YOUR ASSIGNMENT>
Your answer should hold every line of the records below that contains the string "open".

(Saved entries)
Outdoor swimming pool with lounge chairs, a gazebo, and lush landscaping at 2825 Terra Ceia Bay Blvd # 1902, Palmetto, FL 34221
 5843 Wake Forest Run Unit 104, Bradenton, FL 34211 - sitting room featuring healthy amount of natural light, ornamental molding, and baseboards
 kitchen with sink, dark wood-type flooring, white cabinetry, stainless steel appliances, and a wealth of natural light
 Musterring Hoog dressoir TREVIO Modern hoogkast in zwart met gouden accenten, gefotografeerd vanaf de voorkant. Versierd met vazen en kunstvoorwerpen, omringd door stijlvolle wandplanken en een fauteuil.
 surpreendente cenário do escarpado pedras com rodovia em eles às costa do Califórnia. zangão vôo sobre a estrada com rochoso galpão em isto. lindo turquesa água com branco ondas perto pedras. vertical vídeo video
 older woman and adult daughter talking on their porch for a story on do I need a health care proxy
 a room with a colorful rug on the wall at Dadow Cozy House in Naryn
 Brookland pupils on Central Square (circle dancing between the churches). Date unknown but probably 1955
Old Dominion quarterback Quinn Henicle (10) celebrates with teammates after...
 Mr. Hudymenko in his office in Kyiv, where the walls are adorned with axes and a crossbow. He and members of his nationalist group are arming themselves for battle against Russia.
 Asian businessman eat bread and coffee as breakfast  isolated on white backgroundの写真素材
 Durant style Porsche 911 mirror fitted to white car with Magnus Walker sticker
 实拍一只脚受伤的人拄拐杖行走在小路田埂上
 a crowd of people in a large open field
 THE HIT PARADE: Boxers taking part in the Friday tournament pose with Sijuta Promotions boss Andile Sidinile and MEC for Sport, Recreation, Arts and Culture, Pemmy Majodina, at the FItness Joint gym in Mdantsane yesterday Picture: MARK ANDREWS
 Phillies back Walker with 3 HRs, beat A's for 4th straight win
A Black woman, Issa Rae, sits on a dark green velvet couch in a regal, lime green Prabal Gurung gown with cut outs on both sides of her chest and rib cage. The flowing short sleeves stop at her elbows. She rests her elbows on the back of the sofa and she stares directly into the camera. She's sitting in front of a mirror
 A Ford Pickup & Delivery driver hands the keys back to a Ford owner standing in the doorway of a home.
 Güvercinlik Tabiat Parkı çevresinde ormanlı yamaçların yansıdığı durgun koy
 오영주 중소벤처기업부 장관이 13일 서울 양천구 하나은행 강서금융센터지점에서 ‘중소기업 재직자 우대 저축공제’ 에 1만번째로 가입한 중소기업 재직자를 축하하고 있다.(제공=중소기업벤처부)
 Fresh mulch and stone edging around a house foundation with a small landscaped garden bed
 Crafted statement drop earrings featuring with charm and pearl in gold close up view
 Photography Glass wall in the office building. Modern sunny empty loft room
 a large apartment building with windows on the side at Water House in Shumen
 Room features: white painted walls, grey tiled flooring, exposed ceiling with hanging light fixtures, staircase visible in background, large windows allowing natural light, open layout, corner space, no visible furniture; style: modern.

ANSWER SPACE>
 a crowd of people in a large open field
 Room features: white painted walls, grey tiled flooring, exposed ceiling with hanging light fixtures, staircase visible in background, large windows allowing natural light, open layout, corner space, no visible furniture; style: modern.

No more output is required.